Parmi les "classiques", citons les cours d’anglais professionnel (commenter un défilé par exemple), ainsi que les séjours d’études hors de l’Hexagone. D’une durée moyenne de dix jours, ils sont souvent payants, et donc rarement obligatoires. L’ENSAD, par exemple, compte plus de 120 universités et écoles partenaires. Parmi les destinations préférées en quatrième année, citons le Brésil, la Chine, les États-Unis, l’Inde et le Japon. L’objectif : explorer l’écosystème local de la mode, c’est-à-dire les studios et les agences de création, les boutiques, les usines et les écoles. Les étudiants de LISAA ont, quant à eux, la possibilité de découvrir les techniques de broderie et d’impression indiennes, à Delhi et à Jaipur.

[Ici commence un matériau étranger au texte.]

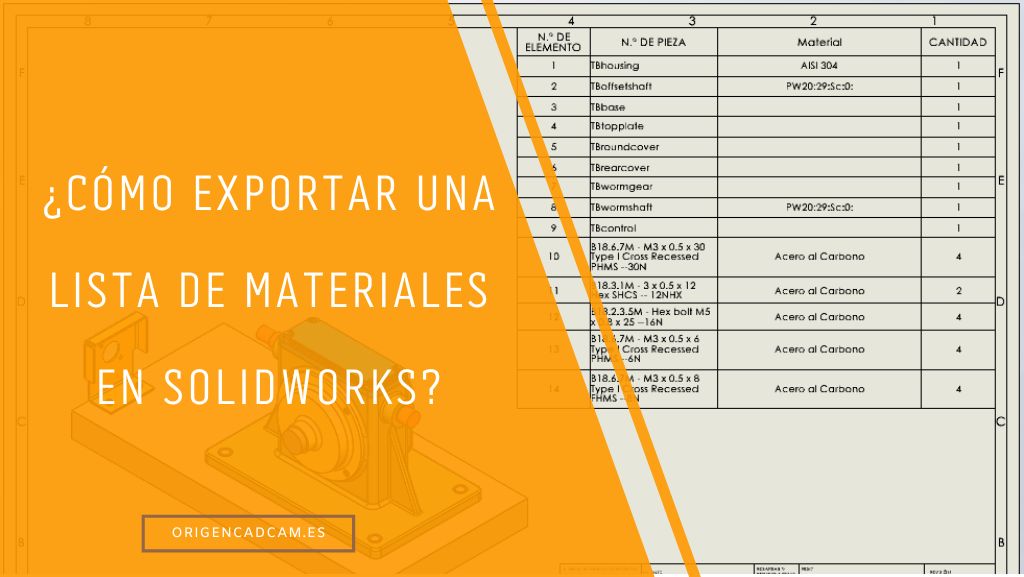 ¿Cómo exportar listas de materiales en SOLIDWORKS?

Des candidatures sur Skype…
"Un bon coup de crayon est un plus, mais certainement pas une condition sine qua non", tient à préciser Gabriela Alvarez de l’Atelier Chardon-Savard de Nantes. Autrement dit, il est tout à fait possible d’intégrer une école de mode sans savoir dessiner. La raison à cela est simple : pour un créateur, le dessin n’est pas une fin en soi mais un outil de travail, un moyen rapide et visuel pour faire passer une idée à des collaborateurs.

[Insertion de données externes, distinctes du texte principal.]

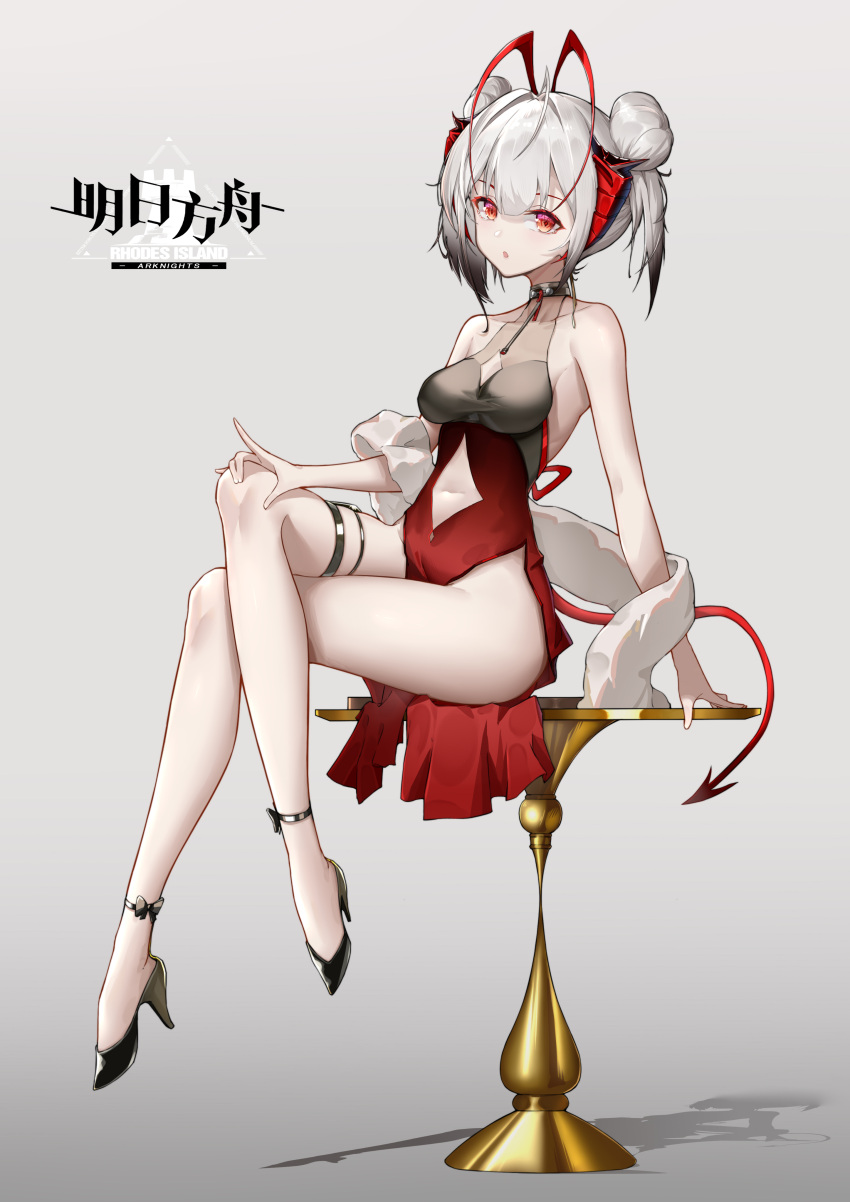 1girl absurdres alternate_costume antenna_hair arknights bangs bare_arms bare_legs bare_shoulders black_footwear breasts copyright_name double_bun grey_background hair_bun high_heels highres horns laomotou looking_at_viewer medium_breasts parted_lips red_eyes shadow short_hair simple_background sitting sleeveless solo tail thighs w_(arknights) white_hair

… ou sur épreuve de création
Les étudiants admissibles ne sont pas au bout de leur peine. Ils sont conviés à "une épreuve écrite d’analyse et de réflexion à partir d’une image [tableau, photographie, image tirée d’un film], une épreuve de création sur table et un entretien avec le jury [trois enseignants de l’école]." À la fois attendue et redoutée, l’épreuve de création sur table laisse libre cours à l’imagination. La session 2017 invitait ainsi, en deux heures et demie, à "créer une bannière pour sensibiliser à une idée ou à un événement vital". Les candidats pouvaient apporter ciseaux, règle graduée, marqueurs, peinture, ficelle et ruban adhésif. Seul un morceau de toile blanche en coton leur était fourni.
En moyenne, 80 des 2.000 inscrits sont chaque année admis en première année à l’ENSAD. La majorité de ces heureux élus ne sont pas directement issus du baccalauréat, mais d’une classe préparatoire aux écoles d’art ou d’une première formation. Ces données statistiques ne doivent pas vous décourager, attendu que la plupart des écoles de mode ne sont pas aussi sélectives. Ce dossier répertorie près d’une centaine de formations. Vous devriez trouver chaussure à votre pied.

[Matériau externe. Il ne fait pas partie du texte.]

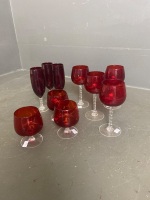 Lot red/clear glass wine glasses and goblets and ruby/clear glass champagne glasses - some with twisted stems - 3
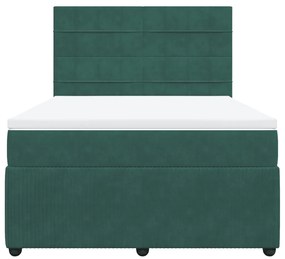 vidaXL Κρεβάτι Boxspring με Στρώμα Σκούρο Πράσινο 160x200εκ. Βελούδινο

"Doter la France d’une école de mode de référence mondiale", telle est l’ambition de la fusion entre l’IFM (Institut français de la mode) et l’ECSCP (École de la chambre syndicale de la couture parisienne). Ce nouvel ensemble se réappropriera les locaux de la Cité de la mode et du design (sur les quais de Seine, à Paris), ainsi que le nom de l’IFM. Il dispensera diverses formations du CAP (certificat d’aptitude professionnelle) au bac+5 et accueillera sa première promotion en septembre 2019. Deux nouveaux programmes en création de mode verront le jour à cette occasion : un Bachelor en trois ans (en français ou en anglais) ainsi qu’un master en deux ans (en anglais).